Which speaker or session had the biggest impact on you and why?

  • All speakers made the most impression on me, but I would mention a few and say what I learned from them. Dr. Xueqin Sherine Sun spoke about the ways in which chromatin remodeling alters transcriptional circuitry in glioblastoma. She elaborated on the crosstalk between genetic and epigenetic alterations and how they work in alliance to redo the cancer-specific transcription circuitry. This discussion underscored the influence of genetic mutations and epigenetic alterations on the architecture of gene regulatory networks in cancer. It was also found out that such complex interactions may not only change the regulatory mechanisms of transcription, but also these may alter the transcriptional landscape of some malignant diseases suggesting potential new targets for therapies. 

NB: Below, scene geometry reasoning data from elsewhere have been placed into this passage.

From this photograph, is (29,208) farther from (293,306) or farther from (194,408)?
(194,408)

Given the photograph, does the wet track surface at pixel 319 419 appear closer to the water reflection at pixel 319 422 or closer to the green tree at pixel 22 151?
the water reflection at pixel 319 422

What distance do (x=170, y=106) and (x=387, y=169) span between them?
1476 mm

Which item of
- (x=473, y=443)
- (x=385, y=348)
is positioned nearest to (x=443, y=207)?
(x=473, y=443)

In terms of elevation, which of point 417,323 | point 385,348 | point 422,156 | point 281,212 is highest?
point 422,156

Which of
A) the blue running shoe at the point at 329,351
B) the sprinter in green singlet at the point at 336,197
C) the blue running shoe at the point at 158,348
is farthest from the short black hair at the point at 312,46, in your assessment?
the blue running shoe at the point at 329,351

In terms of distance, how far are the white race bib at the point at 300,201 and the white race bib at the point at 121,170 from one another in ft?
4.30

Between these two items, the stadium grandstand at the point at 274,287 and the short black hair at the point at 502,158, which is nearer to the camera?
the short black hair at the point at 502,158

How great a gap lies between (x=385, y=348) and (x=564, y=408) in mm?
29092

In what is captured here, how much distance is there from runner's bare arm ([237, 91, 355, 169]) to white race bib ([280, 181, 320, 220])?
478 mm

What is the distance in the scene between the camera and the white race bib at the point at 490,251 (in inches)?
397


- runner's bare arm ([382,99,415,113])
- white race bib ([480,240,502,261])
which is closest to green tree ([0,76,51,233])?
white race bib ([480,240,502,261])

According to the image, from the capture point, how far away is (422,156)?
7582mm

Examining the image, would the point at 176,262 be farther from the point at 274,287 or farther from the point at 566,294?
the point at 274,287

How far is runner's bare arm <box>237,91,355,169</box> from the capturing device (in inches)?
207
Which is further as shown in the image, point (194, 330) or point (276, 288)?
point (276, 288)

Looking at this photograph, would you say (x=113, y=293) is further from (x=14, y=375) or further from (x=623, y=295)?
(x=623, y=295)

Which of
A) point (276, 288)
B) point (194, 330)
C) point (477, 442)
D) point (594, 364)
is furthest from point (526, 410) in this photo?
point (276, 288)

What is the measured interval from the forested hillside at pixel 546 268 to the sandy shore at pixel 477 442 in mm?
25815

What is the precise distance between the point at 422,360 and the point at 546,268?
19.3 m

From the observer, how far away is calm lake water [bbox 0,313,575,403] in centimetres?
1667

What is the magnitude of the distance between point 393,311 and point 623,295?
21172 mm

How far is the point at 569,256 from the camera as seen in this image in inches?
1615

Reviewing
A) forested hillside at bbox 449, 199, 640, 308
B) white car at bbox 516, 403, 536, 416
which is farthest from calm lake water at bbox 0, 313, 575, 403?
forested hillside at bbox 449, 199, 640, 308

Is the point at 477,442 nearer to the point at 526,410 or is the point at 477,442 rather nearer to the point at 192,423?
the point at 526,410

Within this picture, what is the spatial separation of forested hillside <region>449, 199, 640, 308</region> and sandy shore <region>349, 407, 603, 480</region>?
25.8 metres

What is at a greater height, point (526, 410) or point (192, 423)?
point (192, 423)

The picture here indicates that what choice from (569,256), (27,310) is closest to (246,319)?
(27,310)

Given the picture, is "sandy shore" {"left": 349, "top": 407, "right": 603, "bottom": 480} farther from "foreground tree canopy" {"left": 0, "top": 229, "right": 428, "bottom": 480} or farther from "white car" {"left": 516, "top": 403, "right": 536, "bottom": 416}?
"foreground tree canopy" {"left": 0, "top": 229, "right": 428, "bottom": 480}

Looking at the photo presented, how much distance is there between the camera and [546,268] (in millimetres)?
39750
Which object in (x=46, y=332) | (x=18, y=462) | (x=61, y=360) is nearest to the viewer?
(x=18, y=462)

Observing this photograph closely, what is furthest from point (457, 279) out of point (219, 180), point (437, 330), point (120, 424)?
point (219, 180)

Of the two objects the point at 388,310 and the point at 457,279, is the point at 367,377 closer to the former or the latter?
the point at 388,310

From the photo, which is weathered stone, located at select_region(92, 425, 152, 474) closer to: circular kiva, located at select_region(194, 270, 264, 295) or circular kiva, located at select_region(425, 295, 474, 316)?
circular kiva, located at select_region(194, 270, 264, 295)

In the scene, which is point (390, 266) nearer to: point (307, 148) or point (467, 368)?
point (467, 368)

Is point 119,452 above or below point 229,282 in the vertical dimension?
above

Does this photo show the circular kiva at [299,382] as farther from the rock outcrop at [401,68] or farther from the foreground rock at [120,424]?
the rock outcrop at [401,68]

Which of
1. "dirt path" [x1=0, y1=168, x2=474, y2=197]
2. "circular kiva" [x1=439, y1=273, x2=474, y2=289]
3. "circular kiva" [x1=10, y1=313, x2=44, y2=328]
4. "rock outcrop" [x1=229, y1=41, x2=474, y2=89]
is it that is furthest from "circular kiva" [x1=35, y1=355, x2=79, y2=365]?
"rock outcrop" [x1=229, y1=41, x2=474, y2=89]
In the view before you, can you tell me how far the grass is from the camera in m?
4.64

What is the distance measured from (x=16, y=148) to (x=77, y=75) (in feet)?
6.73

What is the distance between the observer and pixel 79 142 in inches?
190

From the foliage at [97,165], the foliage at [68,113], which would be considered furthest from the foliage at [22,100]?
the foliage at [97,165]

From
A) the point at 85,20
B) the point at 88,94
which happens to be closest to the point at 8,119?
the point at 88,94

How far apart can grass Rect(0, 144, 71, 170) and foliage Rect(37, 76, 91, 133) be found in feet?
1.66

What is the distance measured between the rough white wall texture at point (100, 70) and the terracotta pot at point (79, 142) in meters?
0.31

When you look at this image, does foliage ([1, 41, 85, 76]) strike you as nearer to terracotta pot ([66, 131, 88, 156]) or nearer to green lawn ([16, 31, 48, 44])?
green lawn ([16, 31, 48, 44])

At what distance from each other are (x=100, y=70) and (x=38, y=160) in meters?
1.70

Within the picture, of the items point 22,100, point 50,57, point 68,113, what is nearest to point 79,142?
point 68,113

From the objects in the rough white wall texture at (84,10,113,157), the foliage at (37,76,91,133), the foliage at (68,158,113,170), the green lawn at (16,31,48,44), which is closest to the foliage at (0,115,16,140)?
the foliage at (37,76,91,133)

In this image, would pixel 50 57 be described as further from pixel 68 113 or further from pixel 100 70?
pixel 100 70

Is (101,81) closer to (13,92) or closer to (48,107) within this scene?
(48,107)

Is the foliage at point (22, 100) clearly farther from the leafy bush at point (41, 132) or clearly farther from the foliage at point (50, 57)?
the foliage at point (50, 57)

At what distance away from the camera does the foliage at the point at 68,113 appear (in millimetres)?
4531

    I also found out about a new technique GATO-seq during the talk given by Dr. Roberto Vazquez Nunez dealing with the dynamics of RNA Polymerase II promoter-proximal pausing. This inventive technique is developed to analyze this process at different levels of gene expression in time, primarily at the level of individual RNA molecules. The method aims at measuring changes in gene activity over time under different conditions employing advanced sequencing techniques. It was shown by Dr. Roberto that this method is capable of revealing both paused and arrested forms of the RNA Polymerase II enzyme.
     

Adelakun at ASBMB Conference 2
Can you share more about your current research?

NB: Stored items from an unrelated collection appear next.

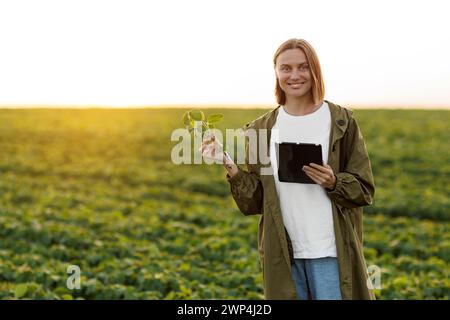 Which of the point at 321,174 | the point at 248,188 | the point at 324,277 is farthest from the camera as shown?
the point at 248,188

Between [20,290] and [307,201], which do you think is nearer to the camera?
[307,201]

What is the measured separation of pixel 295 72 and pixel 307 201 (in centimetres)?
63

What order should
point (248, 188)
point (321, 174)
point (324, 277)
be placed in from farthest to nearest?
point (248, 188)
point (324, 277)
point (321, 174)

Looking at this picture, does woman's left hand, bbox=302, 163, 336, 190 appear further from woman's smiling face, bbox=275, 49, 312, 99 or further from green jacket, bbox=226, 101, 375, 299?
woman's smiling face, bbox=275, 49, 312, 99

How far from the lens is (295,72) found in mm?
3117

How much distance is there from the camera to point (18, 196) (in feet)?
41.4

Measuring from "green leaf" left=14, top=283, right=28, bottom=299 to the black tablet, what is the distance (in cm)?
379

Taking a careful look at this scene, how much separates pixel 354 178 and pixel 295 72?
0.58 metres

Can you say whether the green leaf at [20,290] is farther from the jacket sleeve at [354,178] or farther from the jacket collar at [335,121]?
the jacket sleeve at [354,178]

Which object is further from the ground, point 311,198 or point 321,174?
point 321,174

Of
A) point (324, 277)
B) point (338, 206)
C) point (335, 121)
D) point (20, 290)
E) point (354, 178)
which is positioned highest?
point (335, 121)

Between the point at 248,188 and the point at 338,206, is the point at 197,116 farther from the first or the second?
the point at 338,206

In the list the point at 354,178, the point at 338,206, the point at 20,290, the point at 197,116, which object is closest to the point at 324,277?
the point at 338,206

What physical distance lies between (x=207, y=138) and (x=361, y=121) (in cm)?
2351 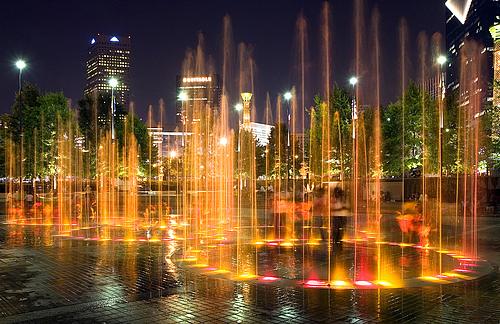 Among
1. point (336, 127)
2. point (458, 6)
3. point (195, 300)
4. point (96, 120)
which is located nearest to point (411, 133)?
point (336, 127)

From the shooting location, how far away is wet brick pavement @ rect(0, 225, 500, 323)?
7.12 metres

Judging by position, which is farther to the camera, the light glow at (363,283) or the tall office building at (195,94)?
the tall office building at (195,94)

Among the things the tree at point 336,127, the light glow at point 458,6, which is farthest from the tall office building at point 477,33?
the tree at point 336,127

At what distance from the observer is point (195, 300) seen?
813cm

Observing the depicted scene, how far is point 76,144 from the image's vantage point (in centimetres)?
6019

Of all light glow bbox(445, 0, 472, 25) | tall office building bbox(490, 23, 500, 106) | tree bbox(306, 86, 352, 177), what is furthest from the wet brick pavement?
light glow bbox(445, 0, 472, 25)

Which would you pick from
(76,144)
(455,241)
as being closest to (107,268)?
(455,241)

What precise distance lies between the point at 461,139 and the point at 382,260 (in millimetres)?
31095

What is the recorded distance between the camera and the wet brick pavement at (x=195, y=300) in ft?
23.4

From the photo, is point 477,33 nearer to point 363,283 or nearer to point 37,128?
point 37,128

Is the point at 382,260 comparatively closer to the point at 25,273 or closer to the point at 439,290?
the point at 439,290

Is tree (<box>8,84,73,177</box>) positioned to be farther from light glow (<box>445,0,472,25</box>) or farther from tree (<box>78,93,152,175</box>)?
light glow (<box>445,0,472,25</box>)

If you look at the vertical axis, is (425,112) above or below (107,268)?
above

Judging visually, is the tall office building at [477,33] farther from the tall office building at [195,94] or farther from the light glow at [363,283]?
the light glow at [363,283] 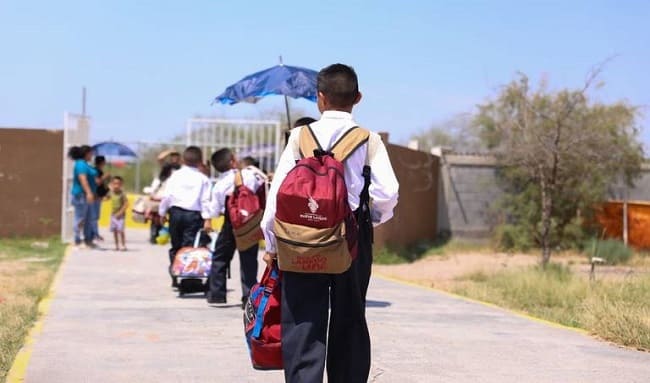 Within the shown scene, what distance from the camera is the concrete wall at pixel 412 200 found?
18375 mm

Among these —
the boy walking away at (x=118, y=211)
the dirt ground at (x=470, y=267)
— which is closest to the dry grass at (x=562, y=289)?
the dirt ground at (x=470, y=267)

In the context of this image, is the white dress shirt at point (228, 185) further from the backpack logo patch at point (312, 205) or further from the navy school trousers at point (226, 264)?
the backpack logo patch at point (312, 205)

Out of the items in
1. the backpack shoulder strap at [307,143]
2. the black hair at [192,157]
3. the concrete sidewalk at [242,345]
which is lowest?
the concrete sidewalk at [242,345]

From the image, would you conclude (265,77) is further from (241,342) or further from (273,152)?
(273,152)

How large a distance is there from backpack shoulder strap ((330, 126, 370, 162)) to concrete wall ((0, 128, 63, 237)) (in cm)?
1446

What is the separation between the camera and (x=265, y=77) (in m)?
10.8

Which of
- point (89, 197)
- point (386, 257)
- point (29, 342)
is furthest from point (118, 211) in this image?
point (29, 342)

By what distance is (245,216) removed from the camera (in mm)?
9516

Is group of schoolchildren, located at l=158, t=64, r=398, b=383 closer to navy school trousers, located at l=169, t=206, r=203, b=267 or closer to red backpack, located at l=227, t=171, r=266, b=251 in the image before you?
red backpack, located at l=227, t=171, r=266, b=251

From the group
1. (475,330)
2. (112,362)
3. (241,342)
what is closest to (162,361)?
(112,362)

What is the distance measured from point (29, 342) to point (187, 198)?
3.63m

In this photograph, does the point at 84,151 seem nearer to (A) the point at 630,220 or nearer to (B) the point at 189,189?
(B) the point at 189,189

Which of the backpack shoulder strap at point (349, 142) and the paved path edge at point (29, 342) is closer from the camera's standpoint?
the backpack shoulder strap at point (349, 142)

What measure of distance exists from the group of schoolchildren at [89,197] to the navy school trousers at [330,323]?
11735 mm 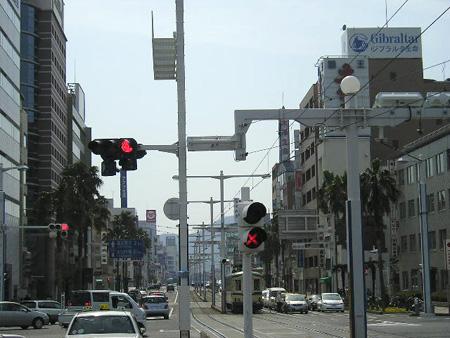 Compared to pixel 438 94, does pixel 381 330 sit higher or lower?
lower

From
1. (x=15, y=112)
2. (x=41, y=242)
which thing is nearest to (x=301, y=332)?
(x=15, y=112)

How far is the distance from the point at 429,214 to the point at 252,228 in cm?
6024

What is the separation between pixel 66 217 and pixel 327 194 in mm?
24842

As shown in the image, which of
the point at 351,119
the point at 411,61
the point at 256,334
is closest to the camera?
the point at 351,119

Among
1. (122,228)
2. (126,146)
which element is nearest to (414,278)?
(122,228)

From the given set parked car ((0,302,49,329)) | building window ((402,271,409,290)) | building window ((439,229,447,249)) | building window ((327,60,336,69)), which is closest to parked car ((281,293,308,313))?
building window ((439,229,447,249))

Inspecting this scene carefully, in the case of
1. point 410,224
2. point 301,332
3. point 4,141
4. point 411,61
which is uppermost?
point 411,61

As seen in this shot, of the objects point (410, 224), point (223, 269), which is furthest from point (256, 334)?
point (410, 224)

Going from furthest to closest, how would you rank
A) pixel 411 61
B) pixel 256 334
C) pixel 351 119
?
pixel 411 61 < pixel 256 334 < pixel 351 119

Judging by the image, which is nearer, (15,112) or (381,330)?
(381,330)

  • Our current research focuses on understanding the role of Cytoskeleton Regulator RNA (CYTOR) in HIV latency. We have identified CYTOR as a long non-coding RNA that acts as an activator of HIV gene expression and is upregulated following T cell stimulation. Long non-coding RNAs control gene expression and change how the DNA is packed. Recent research shows that the lncRNA Cytoskeleton Regulator RNA (CYTOR) is involved in HIV latency, which is the ability of the HIV virus to enter a dormant stage within host cells. We have recently found that CYTOR binds and stimulates the activity of P-TEFb, which increases phosphorylation of RNA Pol II and transcription. This research has been published in PLOS Pathogens in April 2024. This non-coding gene is also linked to cancer growth and immune system responses. However, the exact mechanisms through which CYTOR contributes to HIV pathogenesis remain unclear. 

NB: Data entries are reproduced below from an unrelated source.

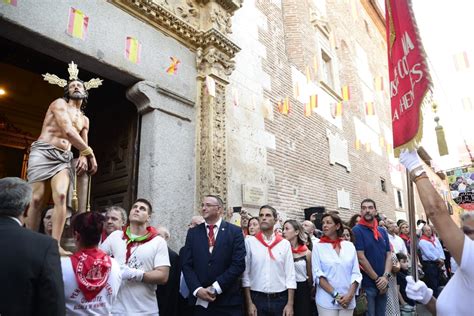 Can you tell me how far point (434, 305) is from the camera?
1.97m

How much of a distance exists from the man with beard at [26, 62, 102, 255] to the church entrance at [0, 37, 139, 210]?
5.19 ft

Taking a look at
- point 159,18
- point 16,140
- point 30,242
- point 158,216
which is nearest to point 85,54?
point 159,18

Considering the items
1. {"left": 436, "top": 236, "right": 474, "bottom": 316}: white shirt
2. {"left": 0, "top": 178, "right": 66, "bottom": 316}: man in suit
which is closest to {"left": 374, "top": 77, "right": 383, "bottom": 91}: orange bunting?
{"left": 436, "top": 236, "right": 474, "bottom": 316}: white shirt

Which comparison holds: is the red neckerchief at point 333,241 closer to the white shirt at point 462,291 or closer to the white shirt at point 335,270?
the white shirt at point 335,270

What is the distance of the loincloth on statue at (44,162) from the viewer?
3.31 metres

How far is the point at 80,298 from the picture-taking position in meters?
2.13

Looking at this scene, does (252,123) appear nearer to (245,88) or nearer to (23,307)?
(245,88)

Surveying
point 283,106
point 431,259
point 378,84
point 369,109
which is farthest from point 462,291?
point 378,84

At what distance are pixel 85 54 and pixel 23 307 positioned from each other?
398 cm

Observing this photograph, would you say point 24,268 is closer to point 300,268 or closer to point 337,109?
point 300,268

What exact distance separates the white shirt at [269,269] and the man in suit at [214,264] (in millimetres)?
287

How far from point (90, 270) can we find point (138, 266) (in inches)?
31.5

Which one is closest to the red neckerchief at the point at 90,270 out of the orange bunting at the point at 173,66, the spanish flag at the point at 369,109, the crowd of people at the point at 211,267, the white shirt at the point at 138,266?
the crowd of people at the point at 211,267

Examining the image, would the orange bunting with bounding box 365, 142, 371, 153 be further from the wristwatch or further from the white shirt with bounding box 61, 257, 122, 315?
the white shirt with bounding box 61, 257, 122, 315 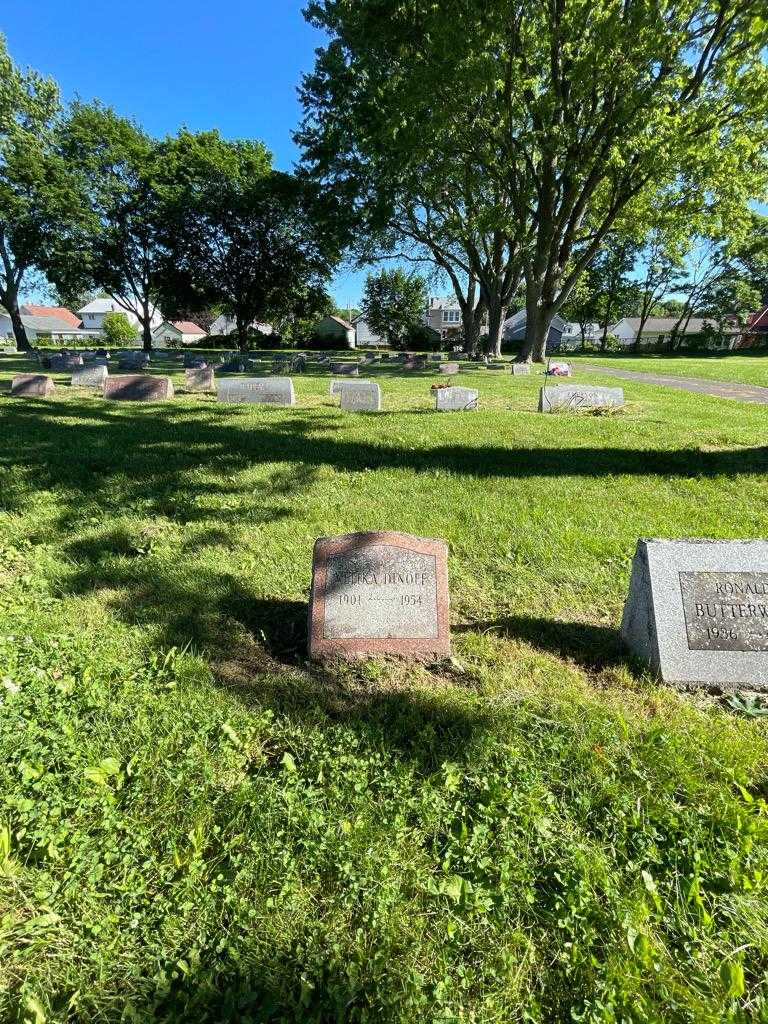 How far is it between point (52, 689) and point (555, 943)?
8.26 ft

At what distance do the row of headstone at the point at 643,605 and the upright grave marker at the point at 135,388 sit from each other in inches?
442

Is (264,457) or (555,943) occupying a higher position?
(264,457)

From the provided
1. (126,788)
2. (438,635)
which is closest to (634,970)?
(438,635)

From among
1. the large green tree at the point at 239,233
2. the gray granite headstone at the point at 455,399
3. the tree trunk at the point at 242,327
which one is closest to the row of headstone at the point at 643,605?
the gray granite headstone at the point at 455,399

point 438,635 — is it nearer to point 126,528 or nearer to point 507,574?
point 507,574

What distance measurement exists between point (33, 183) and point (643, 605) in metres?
38.7

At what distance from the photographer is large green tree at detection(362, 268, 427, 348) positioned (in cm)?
5481

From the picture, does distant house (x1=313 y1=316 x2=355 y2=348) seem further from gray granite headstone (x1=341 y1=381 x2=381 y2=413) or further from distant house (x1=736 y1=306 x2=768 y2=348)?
gray granite headstone (x1=341 y1=381 x2=381 y2=413)

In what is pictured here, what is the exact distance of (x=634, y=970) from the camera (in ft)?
4.97

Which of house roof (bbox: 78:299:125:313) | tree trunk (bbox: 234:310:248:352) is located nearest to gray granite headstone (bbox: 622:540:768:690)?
tree trunk (bbox: 234:310:248:352)

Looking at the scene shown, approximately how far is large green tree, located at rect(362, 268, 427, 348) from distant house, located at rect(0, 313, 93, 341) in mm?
48510

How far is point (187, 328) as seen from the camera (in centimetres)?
8400

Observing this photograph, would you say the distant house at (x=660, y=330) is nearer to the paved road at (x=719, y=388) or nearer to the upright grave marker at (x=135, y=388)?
the paved road at (x=719, y=388)

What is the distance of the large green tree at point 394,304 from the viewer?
54.8 m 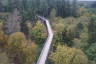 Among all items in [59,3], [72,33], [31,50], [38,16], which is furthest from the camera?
[59,3]

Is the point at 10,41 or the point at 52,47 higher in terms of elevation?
the point at 10,41

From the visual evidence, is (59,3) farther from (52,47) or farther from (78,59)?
(78,59)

    We employed a method called Chromatin Immunoprecipitation by RNA purification, (ChIRP) assay for CYTOR. We performed and optimized ChIRP of the CYTOR noncoding RNA in Human Embryonic Kidney (HEK293T) cells and determined CYTOR RNA present along the DNA of its own gene and the promoter of MYC. Using the T lymphocyte cell line, JURKAT, which is the cell line model for the study of HIV latency, we see that CYTOR binding to IL2Ra and MYC promoters are affected by stimulation with PMA (Phorbol myristate acetate) and Ionomycin. Our long-term goal is to combine ChIRP with next-generation sequencing (ChIRP-seq) to map CYTOR activity in T lymphocyte cells and its response to stimulation. Understanding how CYTOR is involved in HIV disease could help us develop new treatments that can penetrate resistance due to latency. The study provides new insights into the complex regulatory mechanisms of HIV latency and highlights the potential of targeting CYTOR as a novel approach for HIV latency reversal strategies.